Neticede üst düzey koçlar ligimize geri döndü ve seneye basketbol liginin seyir zevki, kalitesi bu seneden çok çok daha iyi olacağa benziyor.

Willkommen Bernd Schuster

Beşiktaş teknik direktörlüğe Real Madrid'in eski teknik direktörlerinden Alman Bernd Schuster'i getirdi. Yıllık 2.6 milyon euro'dan 2 yıllık sözleşme imzadılar. Parlak bir kariyeri olmayan Daum'un bile 3 milyon küsürlere çalıştığı bir ortamda 2.6 milyon euro Schuster gibi hem oyunculuğunda Barcelona ve Real Madrid gibi önemli kulüplerde oynamış hem de teknik direktörlük kariyerinde Getafe ile yakaladığı çıkışı,2007-2008 sezonunda Real Madrid'i Barcelona'nın 8 puan önünde şampiyon yaparak sürdürmüş bir isim için makul gözüküyor.
Bu transferle şüphesiz Beşiktaş'ın futbolcu transferinde de alacağı yabancı oyuncuların kalitesini bir kat daha artacaktır. Schuster ismi bu konuda iyi bir referans olacak Beşiktaş için.

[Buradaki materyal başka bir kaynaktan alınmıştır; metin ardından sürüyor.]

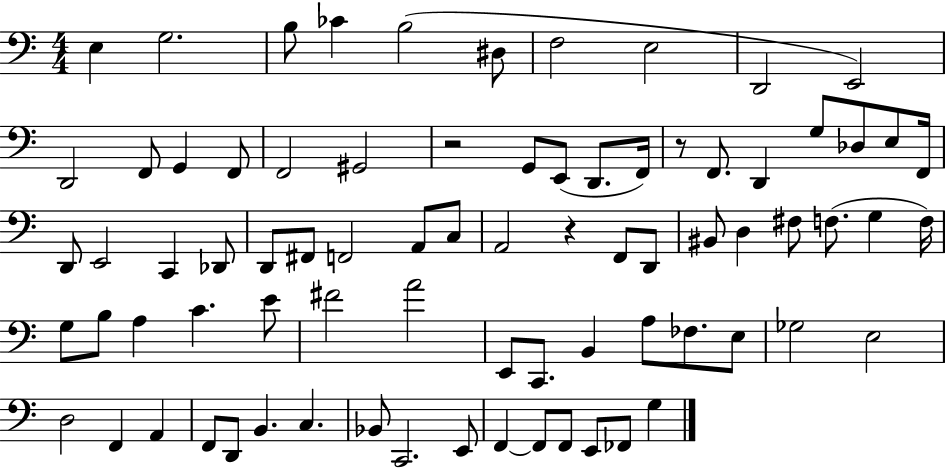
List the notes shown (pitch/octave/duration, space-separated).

E3/q G3/h. B3/e CES4/q B3/h D#3/e F3/h E3/h D2/h E2/h D2/h F2/e G2/q F2/e F2/h G#2/h R/h G2/e E2/e D2/e. F2/s R/e F2/e. D2/q G3/e Db3/e E3/e F2/s D2/e E2/h C2/q Db2/e D2/e F#2/e F2/h A2/e C3/e A2/h R/q F2/e D2/e BIS2/e D3/q F#3/e F3/e. G3/q F3/s G3/e B3/e A3/q C4/q. E4/e F#4/h A4/h E2/e C2/e. B2/q A3/e FES3/e. E3/e Gb3/h E3/h D3/h F2/q A2/q F2/e D2/e B2/q. C3/q. Bb2/e C2/h. E2/e F2/q F2/e F2/e E2/e FES2/e G3/q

Mustafa Denizli gerçekten sadece sağlık sorunları için mi ayrıldı yoksa geçen sene sonlarına doğru da Schuster'le bir temas var mıydı bunlar biraz muallakta da olsa Mustafa Denizli gibi iyi bir hocanın ardından anlaşabilecekleri en iyi hocalardan birini getirdiler takımın başına. Şimdi Schuster nasıl bir takım kuracak kimlerin transferini isteyecek göreceğiz ancak Türkiye'yi ve oyuncuları tanıması elbet zaman alacaktır.